Prompt:
Your reply should reproduce the data below without a single alteration, apart from dropping the images.

Extracted material:
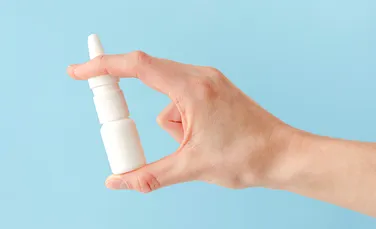 Oamenii de știință au creat un spray nazal pentru tratarea leziunilor cerebrale traumatice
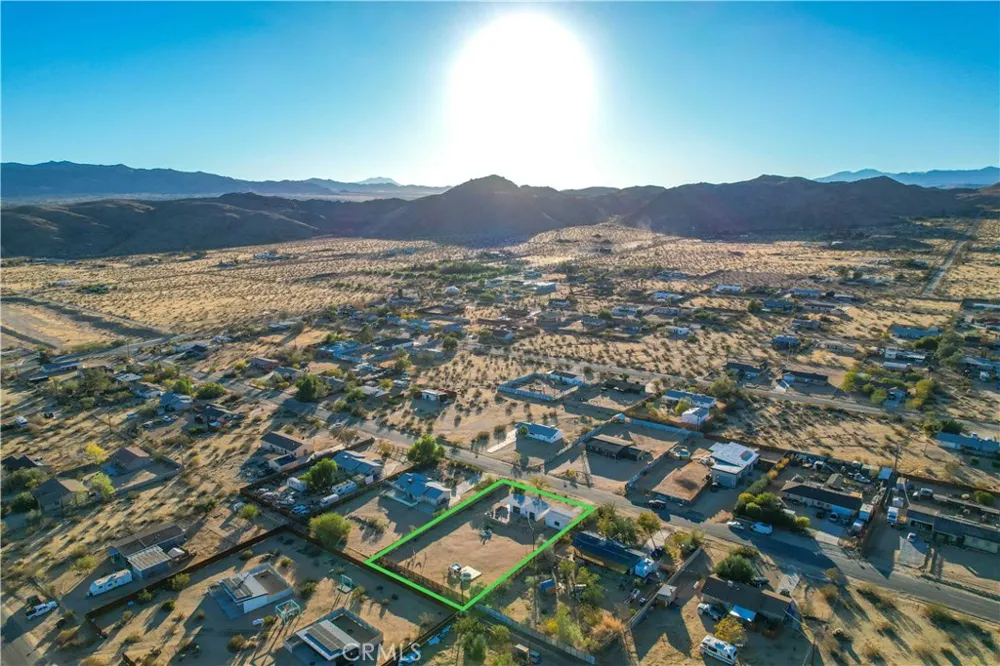 4727 Avenida La Flora Desierta Joshua Tree, CA 92252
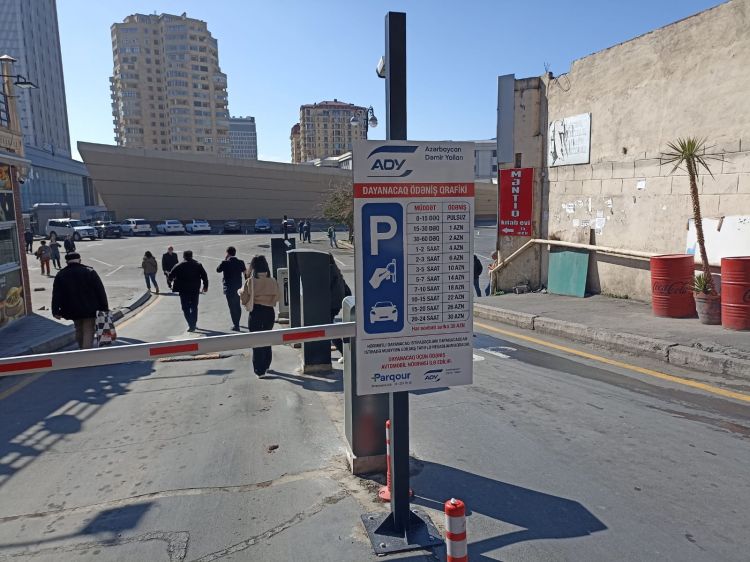 Bakı Dəmiryol Vağzalında pulsuz parklanma müddəti artırılacaq? - AÇIQLAMA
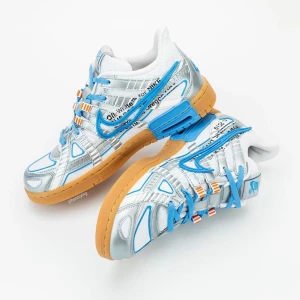 Nike Air Rubber Dunk x Off-White™  - Riktigt feta Nike Air Rubber Dunk x Off-White köpta på SNS. Helt nya och orörda. Storlek 36, US 4 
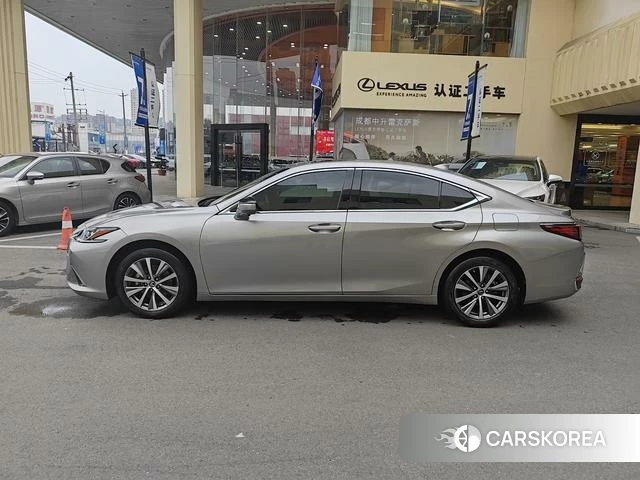 Lexus ES id 4261325 из Китая 12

Result below:
 Oamenii de știință au creat un spray nazal pentru tratarea leziunilor cerebrale traumatice
 4727 Avenida La Flora Desierta Joshua Tree, CA 92252
 Bakı Dəmiryol Vağzalında pulsuz parklanma müddəti artırılacaq? - AÇIQLAMA
 Nike Air Rubber Dunk x Off-White™  - Riktigt feta Nike Air Rubber Dunk x Off-White köpta på SNS. Helt nya och orörda. Storlek 36, US 4 
 Lexus ES id 4261325 из Китая 12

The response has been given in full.